Bangladeshi film director

Nuhash Humayun ( নুহাশ হুমায়ুন; born 1 January 1992) is a Bangladeshi film director and screenwriter. His works include Moshari, Pett Kata Shaw, Sincerely Yours, Dhaka. His theatrical debut Sincerely Yours, Dhaka had its world premiere at the 2018 Busan International Film Festival and is currently on Netflix.

== Early life==
Nuhash Humayun was born on January 1, 1992, in Dhaka, Bangladesh to Humayun Ahmed (1948-2012) and Gultekin Khan. His parents divorced when he was 11 years old. He stayed with his mother after the divorce. His father was a novelist, dramatist, and filmmaker. He is a graduate of BRAC University. He has three sisters named Nova, Shila, and Bipasha. He has 2 half-brothers, Nishad Humayun and Ninith Humayun. All 3 of his sisters raised him while his mother was a university student.
He was 20 years old when his father passed away from cancer and he was present at his father's funeral.

== Career==
Humayun's early works include short films like Paperfrogs, 700 Taka, and Pizza Bhai. He first came to the limelight after his film Sincerely Yours, Dhaka was selected for Bangladesh's entry for the 93rd Academy Awards. He acted and directed some TVC as well.

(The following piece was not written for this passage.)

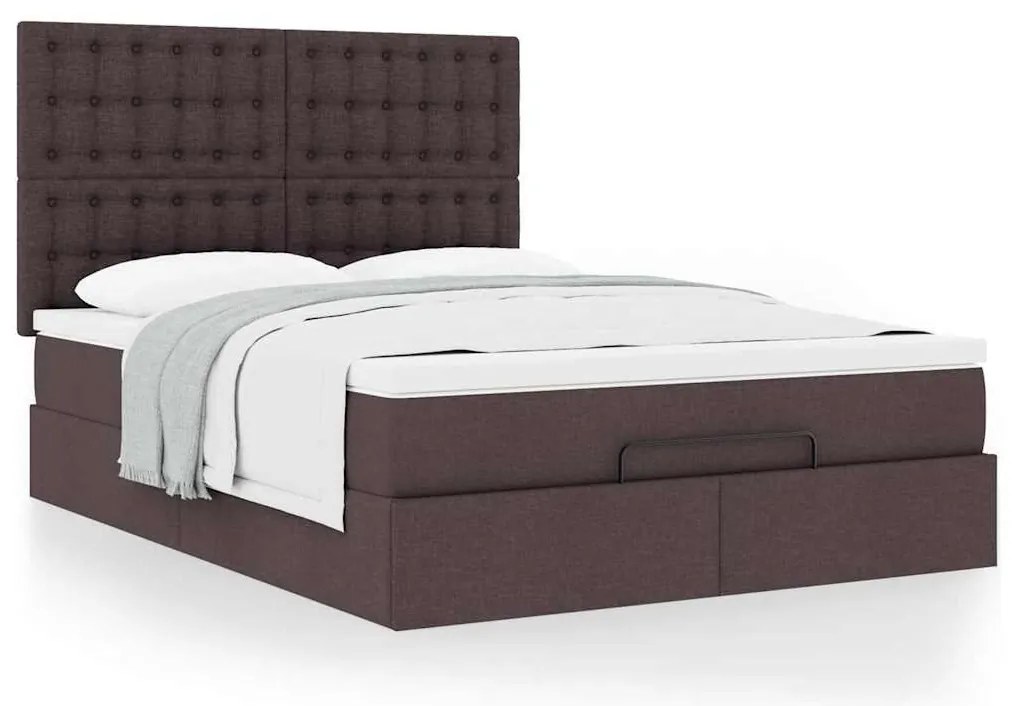 Estrutura cama otomana colchão 140x200cm tecido castanho escuro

Humayun became famous for his web series Pett Kata Shaw. His direction and metaphors in the series were praised. This series was selected for the Harbor section in the 52nd edition of IFFR.

Humayun's short film Moshari won awards in many international festivals. Consequently, he was signed by Anonymous Content and Creative Artists Agency in 2022. Jordan Peele and Riz Ahmed became executive producers of the film. It is the first-ever Oscar qualifying film from Bangladesh.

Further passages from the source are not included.